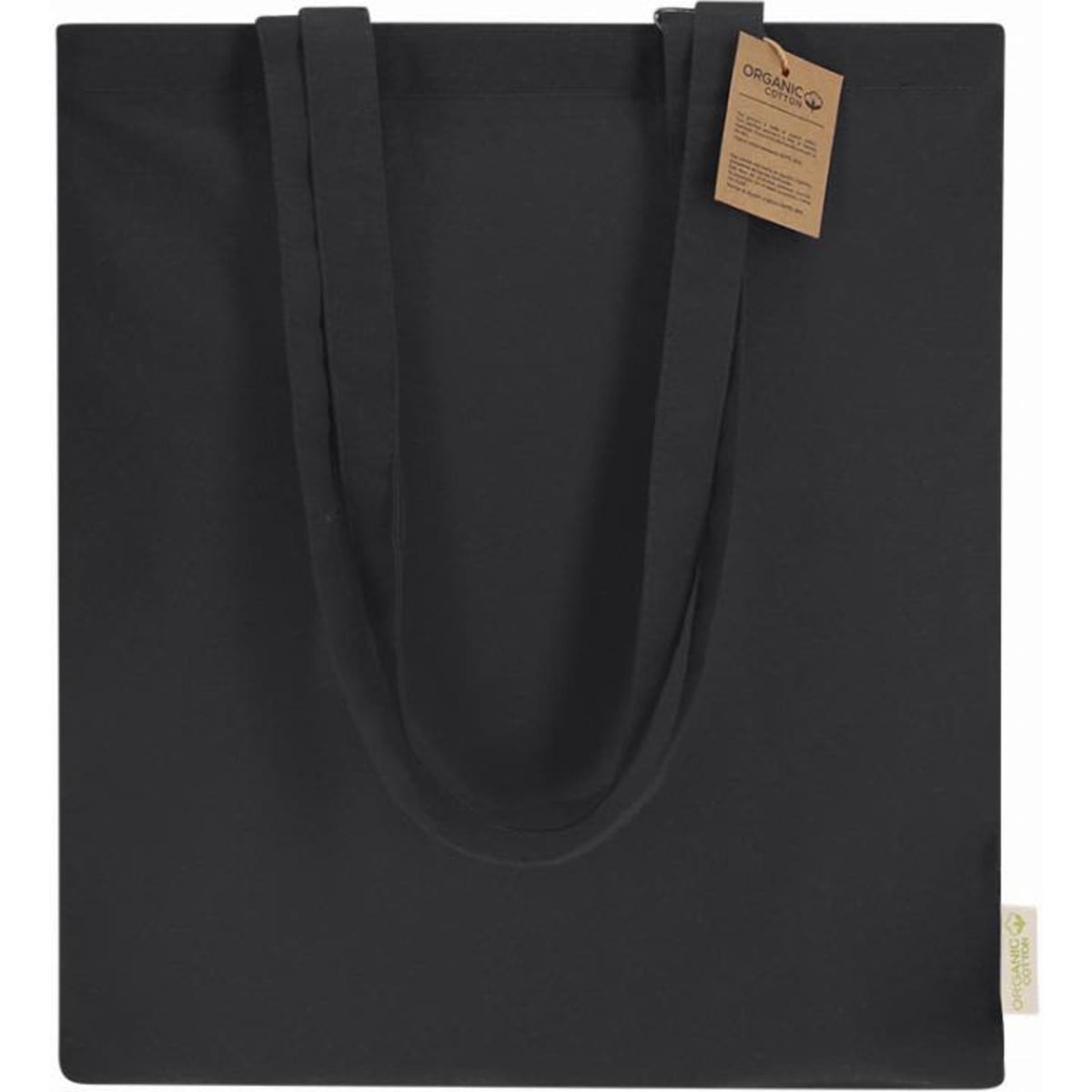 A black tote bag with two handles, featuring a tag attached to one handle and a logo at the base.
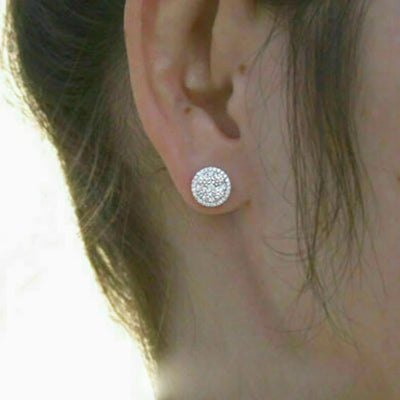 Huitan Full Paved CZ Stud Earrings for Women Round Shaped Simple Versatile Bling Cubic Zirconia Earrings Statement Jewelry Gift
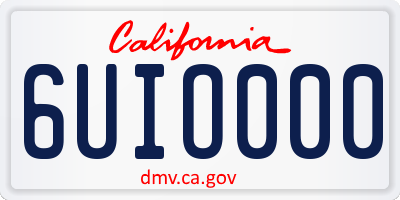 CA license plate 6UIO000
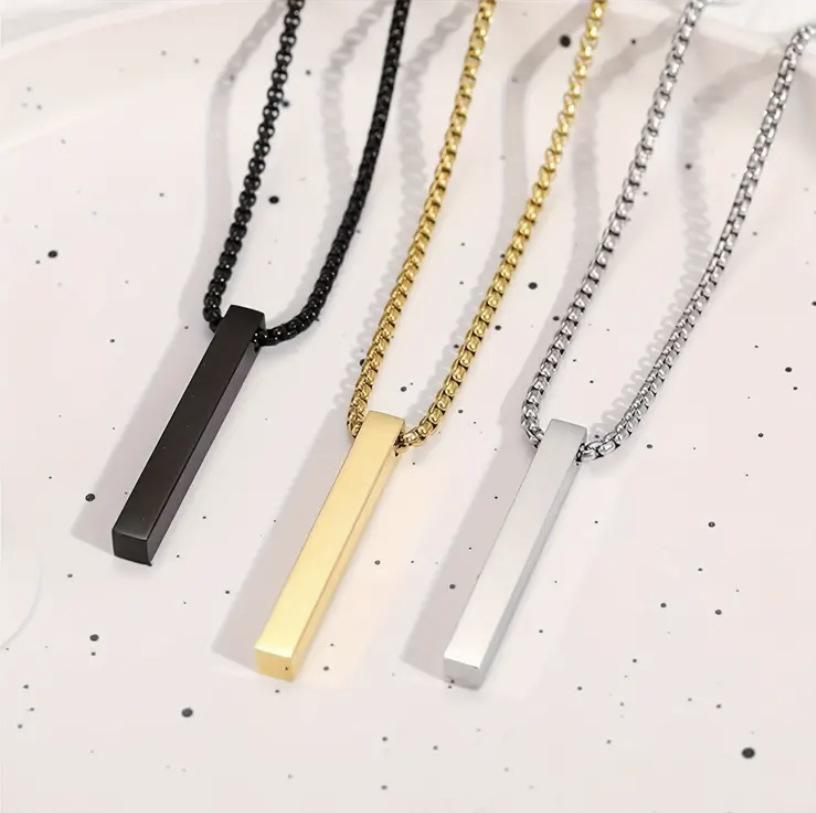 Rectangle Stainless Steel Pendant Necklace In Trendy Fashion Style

++++

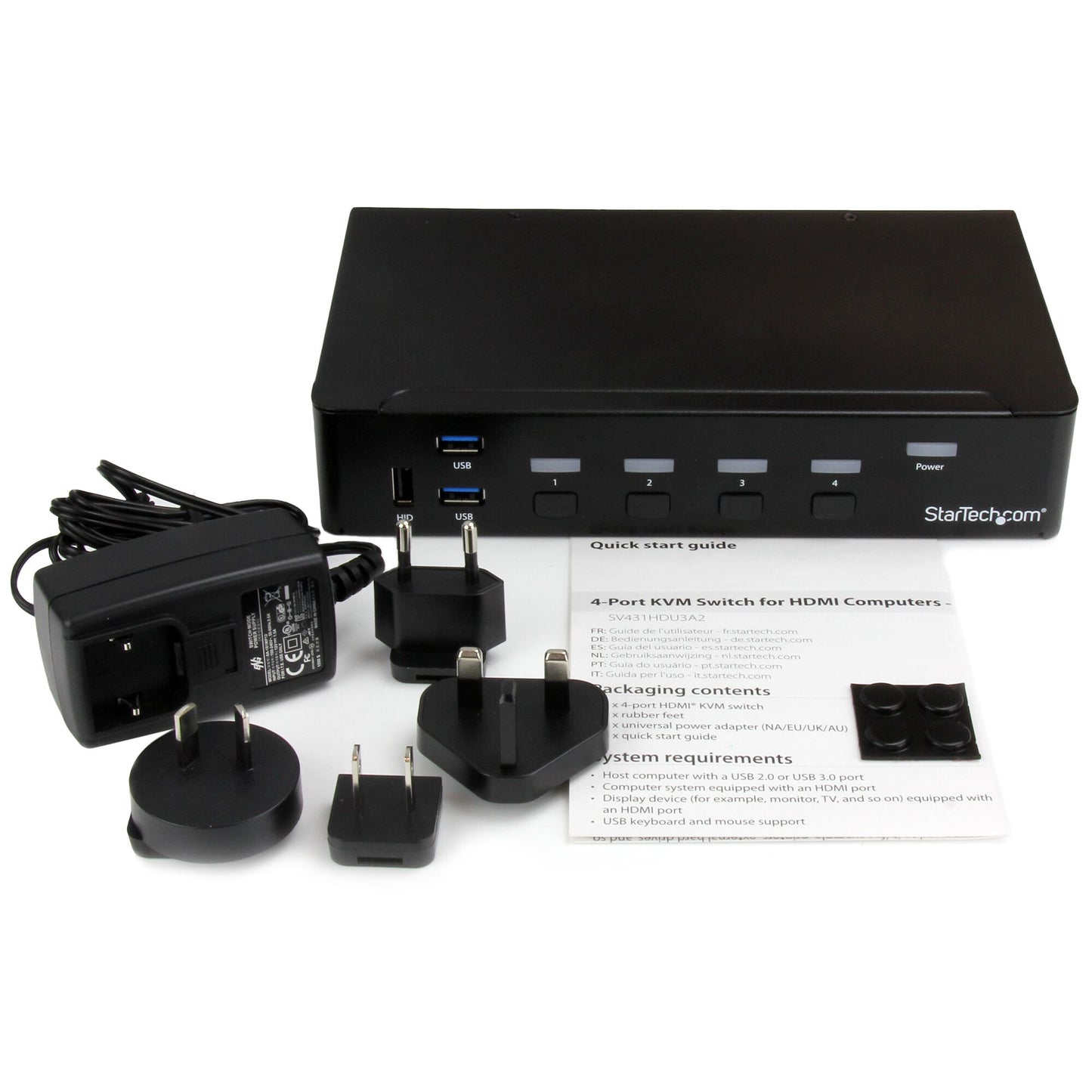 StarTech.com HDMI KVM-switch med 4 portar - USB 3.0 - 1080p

++++

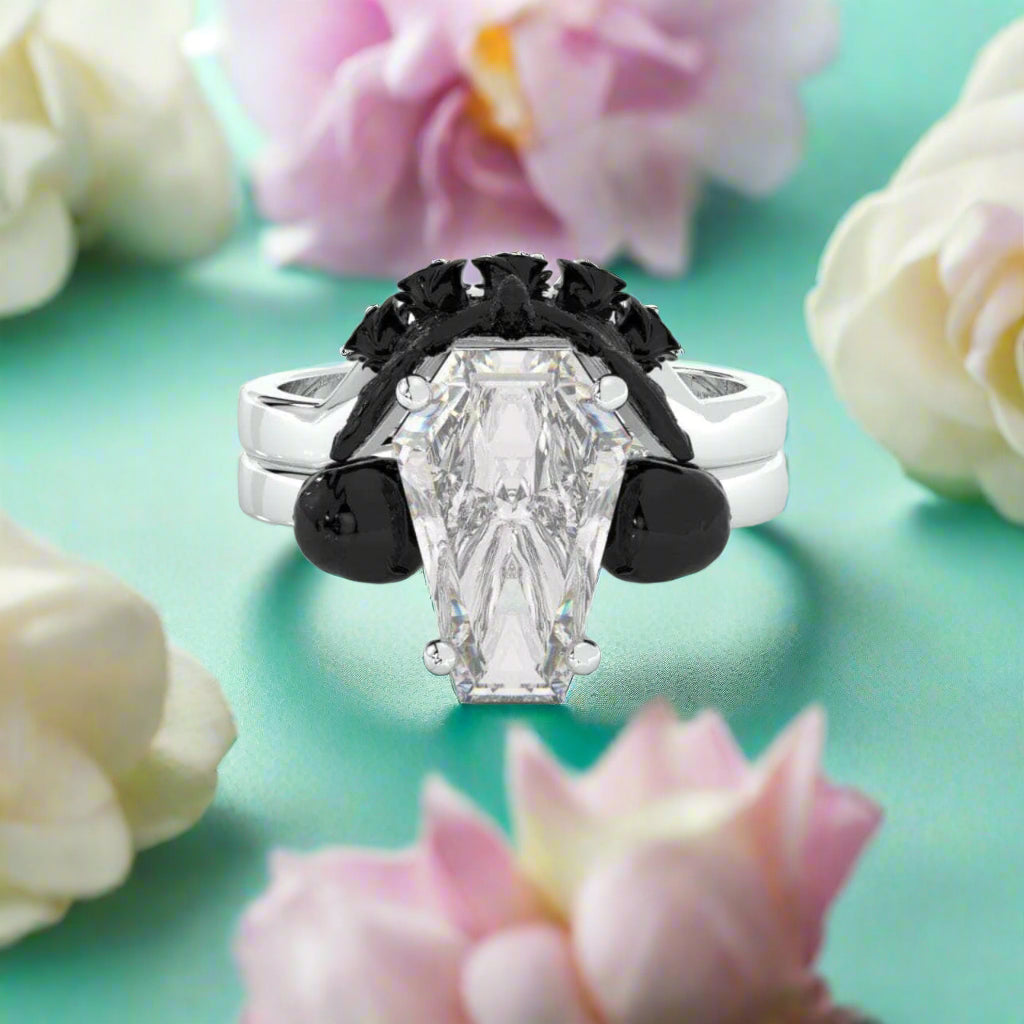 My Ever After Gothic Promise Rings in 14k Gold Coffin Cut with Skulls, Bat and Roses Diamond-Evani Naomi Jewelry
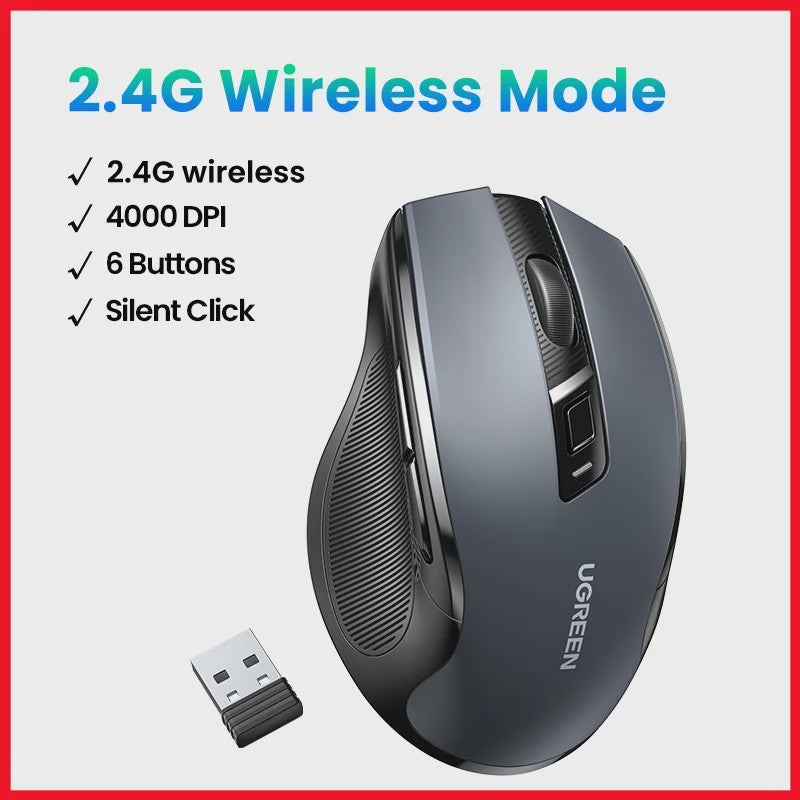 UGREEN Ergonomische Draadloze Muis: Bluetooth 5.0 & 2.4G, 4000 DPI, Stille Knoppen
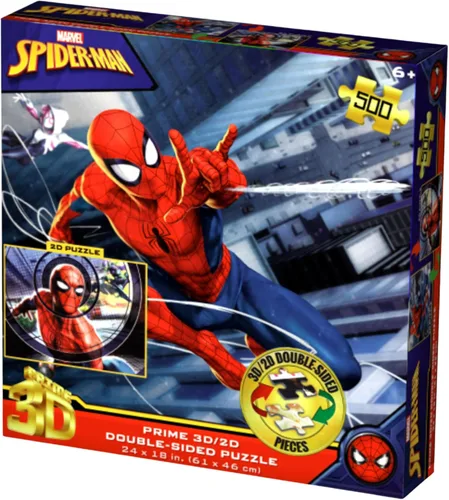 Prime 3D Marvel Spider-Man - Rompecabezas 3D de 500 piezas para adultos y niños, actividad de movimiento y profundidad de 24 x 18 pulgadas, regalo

++++

# The problem
Look back over the records above. Reproduce exactly everything from the line with "A black tote" down to the line with "Rectangle Stainless Steel", inclusive, and leave the pictures out.

# Result for this exercise
 A black tote bag with two handles, featuring a tag attached to one handle and a logo at the base.
 Huitan Full Paved CZ Stud Earrings for Women Round Shaped Simple Versatile Bling Cubic Zirconia Earrings Statement Jewelry Gift
 CA license plate 6UIO000
 Rectangle Stainless Steel Pendant Necklace In Trendy Fashion Style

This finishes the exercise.